I remember one of those times in the mid-1990s. As I recall, it was a Saturday night, I got to interview him after he spoke at a conference at the Broward County Convention Center. His assistant told him that there was a crowd waiting for him outside the room where we were doing the interview. But he told Mr. Colson he knew a way the two of them could escape through a back exit.

It was late. Colson had just given a long public speech, then he had to endure a TV interview with me. One could easily see how he would have chosen to simply slip away with his aide.

But Colson preferred to go meet with the crowd to talk with them. He was a very nice man – the man I got to see on camera and off-camera.
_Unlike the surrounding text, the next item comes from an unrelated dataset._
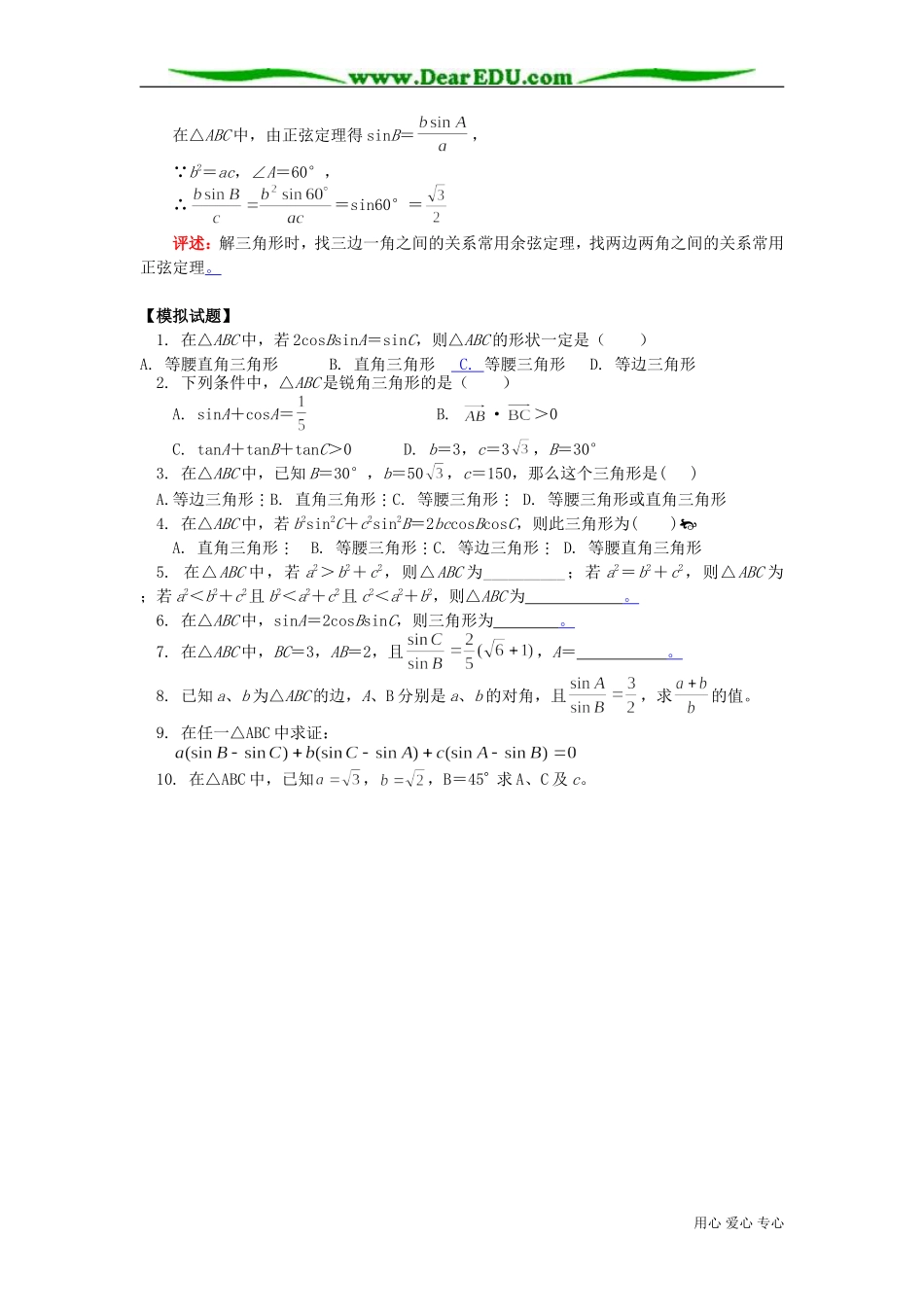 高二数学解三角形 正弦、余弦定理知识精讲 苏教版_第3页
However, he wasn't always that way. Someone erroneously said that Colson would drive over his own grandmother if it would help Richard Nixon. Colson said he had never made that statement, but he didn't bother to correct the record because he liked the reputation it gave him.

One of his colleagues in the Nixon administration, Jeb Stuart Magruder, who worked for Nixon's re-election campaign, wrote this in his 1974 memoir, An American Life: "I came to regard Colson as an evil genius. His brilliance was undeniable, but it was too often applied to encouraging Richard Nixon's darker side, his desire to lash out at his enemies, his instinct for the jugular."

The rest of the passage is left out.